According to host Ronniccia Eisenmann the starting point for advertisers in the dawning digital TV-age is clear cut. The days of the familiar 30-second-spot during the commercial break are over. The viewers readiness to flip channels using their remote control combined with the TiVo makes for the advertising professional's nightmare, explains Walter Berner, head of the technology department at the agency for communication of German state of Baden-Württemberg. The TiVo is a new digital video recorder which handily eliminates annoying ads from movies or TV-shows and stores it, ready to watch and commercial-free, on a hard drive. The antidote to this assault on the industry is product placement. Products are visibly placed in the hands of actors or in the background of scenes and so become part of the action. The big advantage for companies: the image of the programme eventually rubs off on the brand.
"To make a product really successful, people have to love it," says the President of the professional soccer club VfB-Stuttgart, Erwin Staudt. "For that you need emotions." Therefore soccer clubs such as the VfB offer a unique option for presenting products in the public spotlight. "The VfB Stuttgart produces emotions," Staudt sums up the fascination of soccer. Indeed, soccer has a high potential for getting a marketing message across, confirms Arne Bergmann, head of the advertising marketing department at the Pay-TV-channel "Premiere". The channel is at the forefront of digitalisation and knows its viewers very well. "We know your name, your birthday and your account information," Bergmann jokingly describes the opportunities for targeting specific audiences. In this new TV-world, special interest channels and video-on-demand services offer something for every taste. Advertisers also get to know every secret, enabling them to fine-tuning their message for every single viewer.

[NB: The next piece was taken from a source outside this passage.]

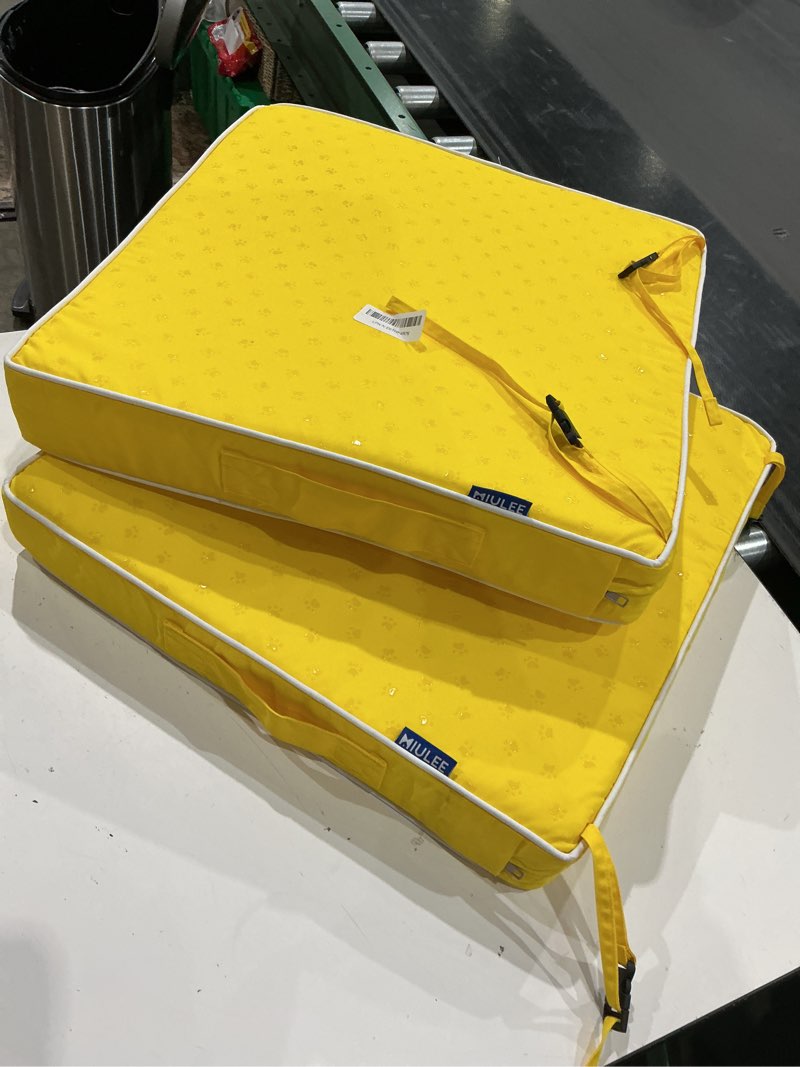 Condition photo showing Good Condition for miulee outdoor chair cushions,waterproof seat cushions with adjustable straps,set of 2 patio chair cushions for patio furniture garden,yellow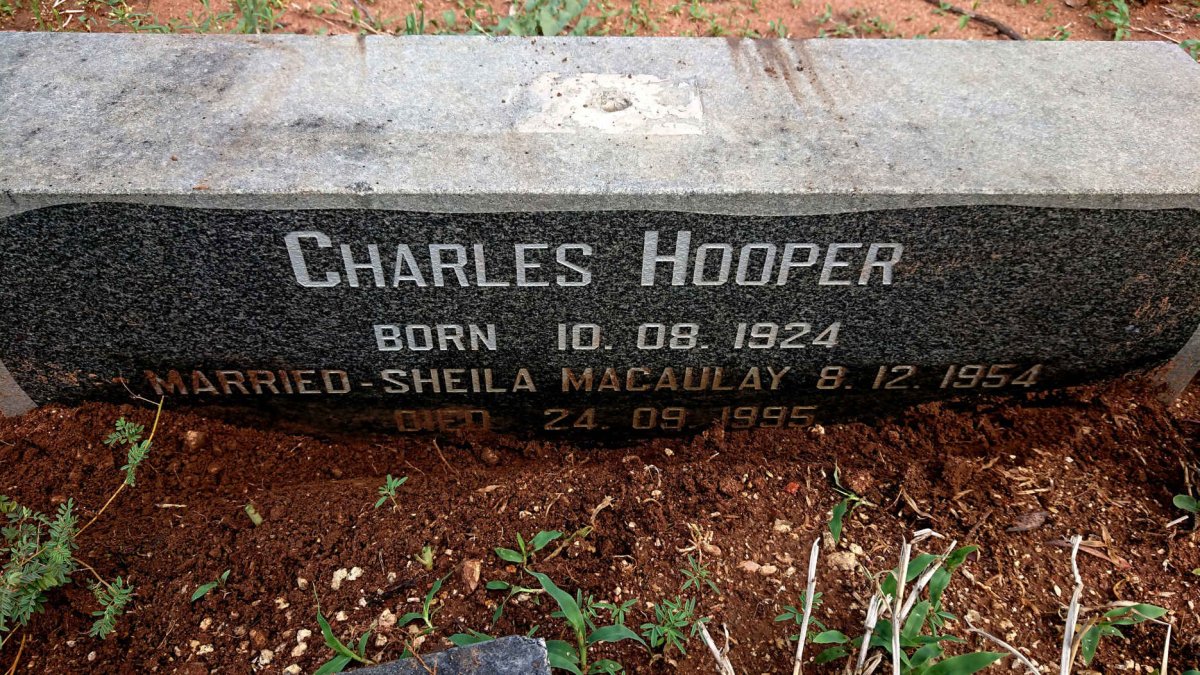 HOOPER Charles 1924-1995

Digital technology hasn't even reached its full potential yet. Stacey L. Jones, vice president of Creative Entertainment Services, a product placement agency in Hollywood reported from some product placement new trends in the US. Next to the still important broadcasting market, video games offer splendid conditions to introduce brands. Nowhere else are consumers so young, attentive, and spent incredible amounts of time in front of the screen. According to Ms. Jones, traditional advertising in the US is already in retreat, opening up tremendous growth opportunities for new forms of marketing such as product placement. New virtual technology, for example, makes it possible to exchange products in digital media. With this "virtual product placement" James Bond would be able to drive a BMW, Mercedes, Ford, or a Mazda in the same movie, depending on world region and the targeted audience. In addition to many legal problems with this approach there is also the question of credibility: What car is James Bond actually driving in? Does this kind of obvious product placement convince anybody anyway? Prof. Ing. Wolfgang Pappler, the owner of Product Placement International, an agency in Vienna, has a clear answer: "Obtrusive product placement is useless and contra-productive." On the other hand, well-done and fitting product placement shows significant results and leads in the long-term almost certainly to success, insists Mr. Pappler. He is supported by Wolfgang Schürmann, Business Development Manager Marketing at the satellite company Astra, who sees numerous new marketing possibilities in the rapid digitalisation of TV. Satellite companies already offer a wide range of services (special interest channel, electronic TV guides, web-TV etc.), which not only threaten traditional advertising but also provide previously unknown opportunities to target viewers ever closer.
Another big dream of advertisers that digital technology might realize is the dream of TV as a truly interactive medium. "Digital technology brings enormous progress in this area," observes Annett Reimer, executive director of Ancari Teleshopping. With interactive TV, the viewer should be able to pick programmes as he or she pleases, get background information and, preferably, be able to order the product just seen on TV with the remote control. Although real interactivity is still rare, the future of interactive product placement is bright. In a more general way, Dr. Iris Ramme, professor for marketing and media research at Nürtingen University affirms this view: "Companies increasingly acknowledge the importance of product placement." This is one result of the newest Product Placement Monitor, a study that was presented by Dr. Ramme and Andreas Waldner during the congress.
Is Digital TV, a brave, new world for advertisers and customers? The possibilities for product placement seem boundless. Only the constant worry of uncontrolled and "invisible" commercialisation of TV casts shadows at the bright future. But there is some hope. "In the end the customers make the decision," says Andreas Waldner, lecturer at Nürtingen University. "Too much product placement annoys the viewers, harms the companies' images and, in turn, leads to a reduction of advertising. In the end, the system regulates itself."